Treasurer says governor rejected request to audit disaster donations
Published 2:04 pm Monday, October 9, 2023
By Jack Brammer
State Treasurer Allison Ball claimed Monday night that Gov. Andy Beshear’s administration turned down her request for an audit of millions of dollars in disaster relief funds it had generated from donations.
Ball said the state Public Protection Cabinet, which oversees the funds, said “no thank you” to her request.
Ball’s comments came during an appearance on Kentucky Educational Television’s “Kentucky Tonight” show with host Renee Shaw for this fall’s candidates for state auditor.
Ball, a Republican who could not run again for treasurer because of term limits, is being challenged by Democrat Kim Reeder. The current auditor, Mike Harmon, also could not run again for that office and he was an unsuccessful candidate in last May’s Republican primary election for governor.
Also on the KET show were candidates for state treasurer — Democrat Michael Bowman and Republican Mark Metcalf, who argued over the state legislature’s decision to try to phase out the state income tax. Metcalf said he supported the move while Bowman voiced opposition.
The auditor candidates took the first half-hour of the hour-long show.
In it, Ball, a former prosecutor, made her claim about the Beshear administration’s rebuff of her request for an audit of disaster relief funds.
The Beshear administration said late Monday night it had no immediate comment on Ball’s claim.
As of July, the Team Eastern Kentucky fund had raised more than $13 million since heavy flooding in July 2022, and the Team Western Kentucky fund had brought in more than $52 million since the December 2021 tornadoes.
In July, Auditor Harmon announced that his office is launching a special examination of the two funds.
Harmon said his exam would focus on the Public Protection Cabinet’s acceptance, administration and expenditure of money associated with the relief funds, and would cover the timeframe of Dec. 11, 2021, through June 30, 2023.
Harmon said his decision to audit the funds followed a letter of request for an audit sent to his office by Rep. Adam Bowling and Sen. Brandon Storm, the co-chairs of the Legislative Oversight and Investigations Committee.
Harmon has not said when his audit of the funds will be completed. Beshear has said the announcement of the audit a few months before the Nov. 7 election smacks of politics.
Ball, a Floyd County native and attorney, said Monday night there are reports that more than 200 checks went to the wrong people and about 1,000 checks have not been cashed at all.

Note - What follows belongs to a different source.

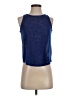 Color Thread 100% Polyester Blue Sleeveless T-Shirt Size S - photo 1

“We need to make sure there is a good audit of these funds,” said Ball.
Reeder, a native of Rowan County and a tax lawyer, said she would look at the details of the relief funds as auditor and then decide whether to audit them
Both candidates said they would be watchdogs of state spending and would not hesitate to conduct audits even if they were embarrassing to leaders of their political parties.

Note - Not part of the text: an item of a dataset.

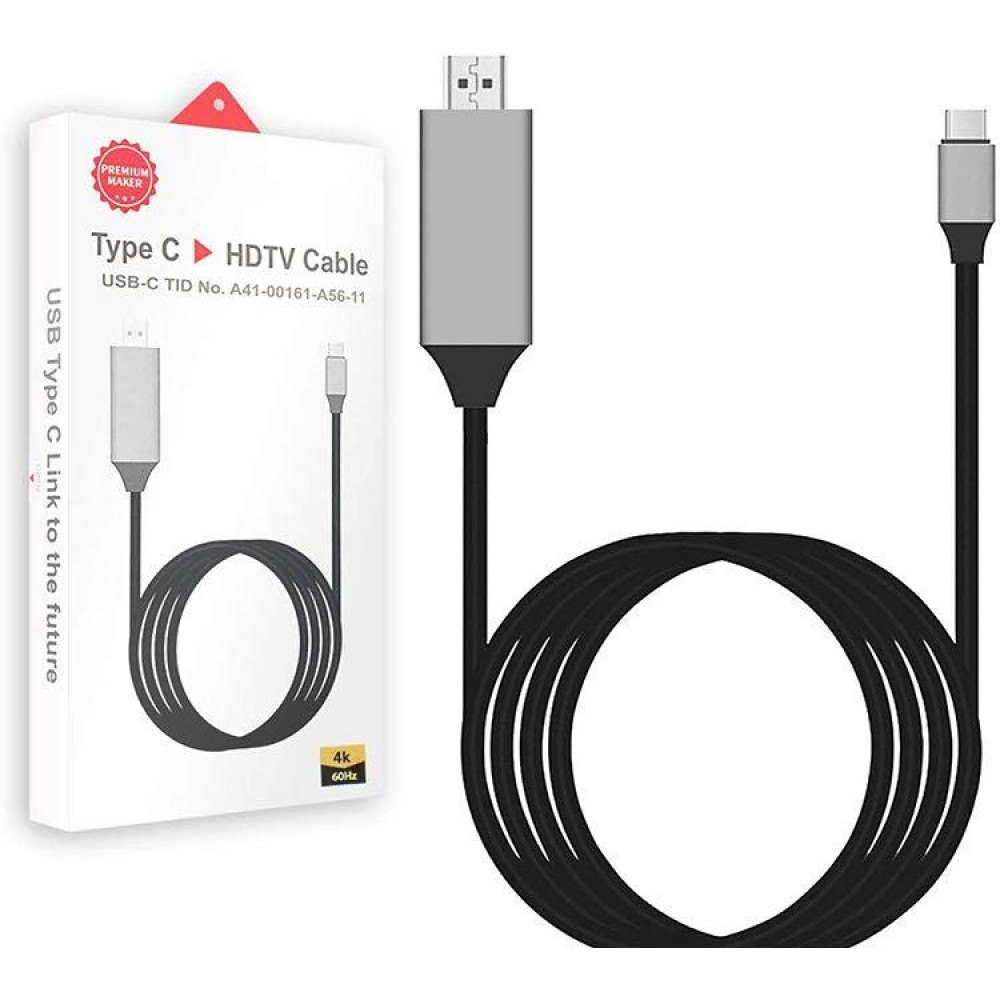 PREMIUM MAKER USB TYPE C TO HDTV CABLE 4K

In the discussion with the treasurer candidates, Metcalf, a career prosecutor in Garrard County, and Bowman, a Louisville bank officer and former legislative assistant to Louisville’s Metro Government, took opposite sides on the state’s income tax reduction plan.
Last February, Beshear signed House Bill 1 to provide a 0.5 percent individual income tax reduction effective Jan. 1, 2024. The rate had been cut 0.5 percent to 4.5 percent the previous year, over Beshear’s veto, with more cuts possible if the state’s financial picture met certain benchmarks.
But it was recently reported that the state failed to meet the Republican legislature’s fiscal requirements to usher in another reduction as part of a plan to phase out the income tax over time without creating a funding crisis in state government.
Metcalf said the state spends too much and needs to save more because of its billions of dollars in debt even with its healthy $6 billion rainy day fund for emergencies but he thinks the tax reduction is good for the state’s people.
Bowman said decreasing the income tax will not help the state or its people. He said the state needs to be more transparent with what it does with its money.